Fastball pitcher a medical miracle



Former national-team fastball pitcher Rob Scheller continues to confound batters and optometrists alike.

Scheller was supposed to be blind by the time he turned 25. But there he was on the weekend, at age 46, pitching for the Bruno (Sask.) Merchants in a men’s fastball tournament in Regina.

The Saskatoon-based Scheller pitched two scoreless innings Sunday to nail down the Merchants’ 6-1 victory over the Lloydminster Dodgers in the final.

Afterward, a walking miracle sat in the bleachers and discussed his improbable, inspiring story.

“They told me 25 years ago to start taking Braille classes and to get ready to give up my licence,” Scheller said. “I still haven’t taken any Braille classes and I still drive.”

Scheller was diagnosed with retinitis pigmentosa – a progressive form of tunnel vision – more than 30 years ago. His vision was expected to worsen to the point where it was non-existent.

“I was probably eight or nine years old, just playing hide-and-seek – running into things and hitting a tree,” the easygoing Scheller said. “I just assumed that everybody couldn’t see when it was dark.”

Twenty-five became an ominous figure. The inclination, as he put it, was to “jam a lot of living into the next five or 10 years,” with the result being “a lot of drinking and fooling around.”

In the meantime, Scheller was developing into a world-class pitcher. He once pitched 20 innings at the Pan American Games without surrendering an earned run.

Scheller was a fixture with the national team from the mid-1980s into the early 1990s. His pitching talents were in demand locally and around the globe. He travelled to every Canadian province, virtually every American state, the Dominican Republic, Puerto Rico, Japan, Taiwan, Argentina, Brazil, New Zealand and Australia. Elite American teams, such as one in New York, would fly him in on weekends.

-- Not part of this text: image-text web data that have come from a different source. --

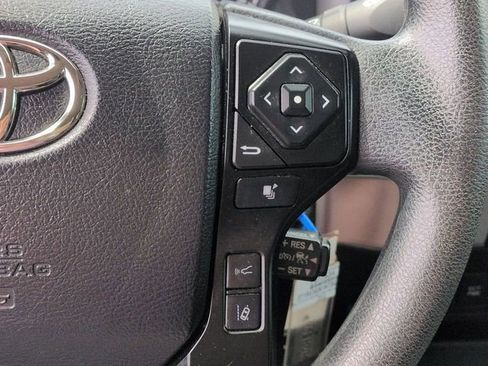 Used 2022 Toyota Tacoma SR w/ SR Convenience Package image 30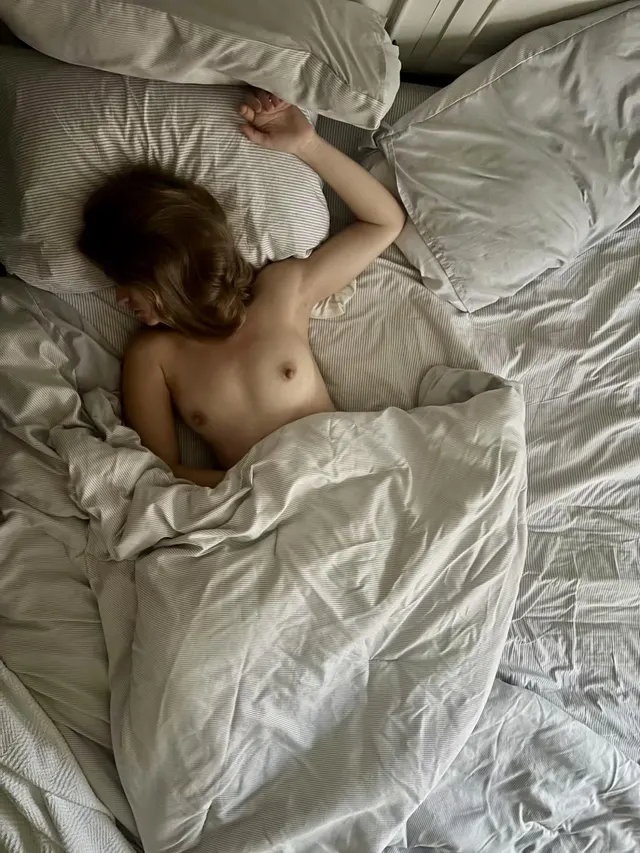 Early morning Airbnb 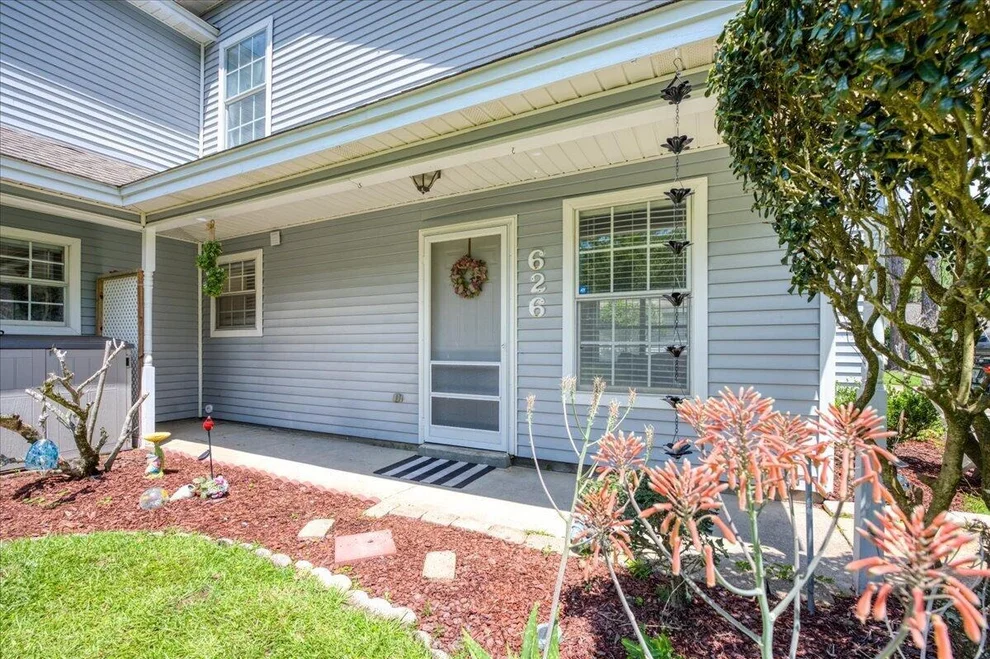 Unit for sale at 626 Emerald Lane, Fort Walton Beach, FL 32547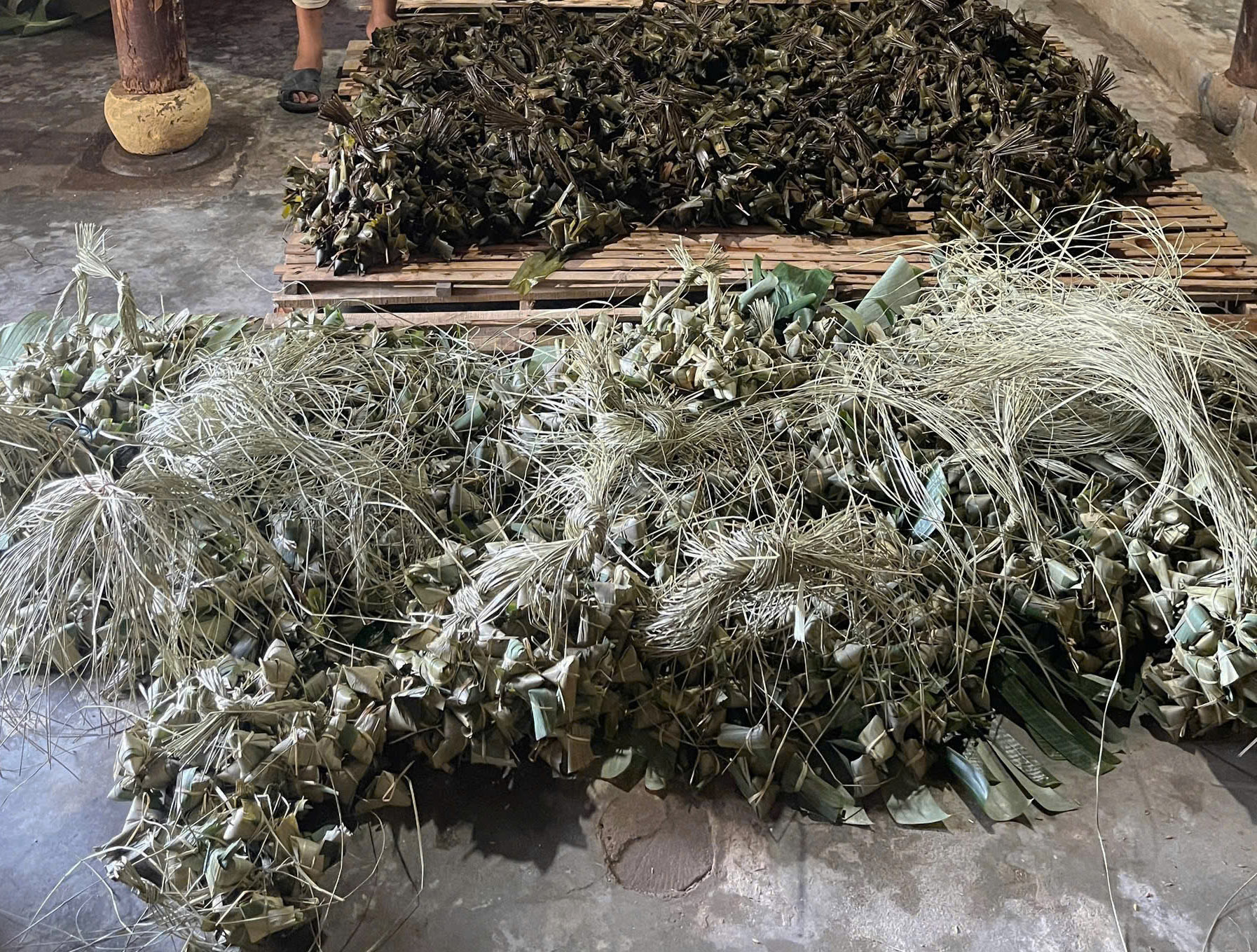 Phát hiện cơ sở sản xuất bánh ú tro sử dụng hàn the - Ảnh 2.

Batters seldom had a prayer, but Scheller did. He started going to church.

He hoped, against formidable odds, to stave off the degenerative effects of retinitis pigmentosa. And sure enough . . .

“You can’t put into words how grateful I am,” he said. “I’m playing the game that I love. It would be real tough not to be able to do this, to be honest with you. I feel very blessed, even at my age, to be able to run around and compete at a decent level.”

Scheller has had to make some concessions for health reasons. He pitches while wearing a batting helmet and a football-style face guard – but not because of his vision.

Five years ago, some blood clots broke loose while Scheller was undergoing surgery on his left knee. The blood clots went into his lungs. As a result, he must take blood-thinners. In order to continue pitching, he requires protection such as the customized helmet.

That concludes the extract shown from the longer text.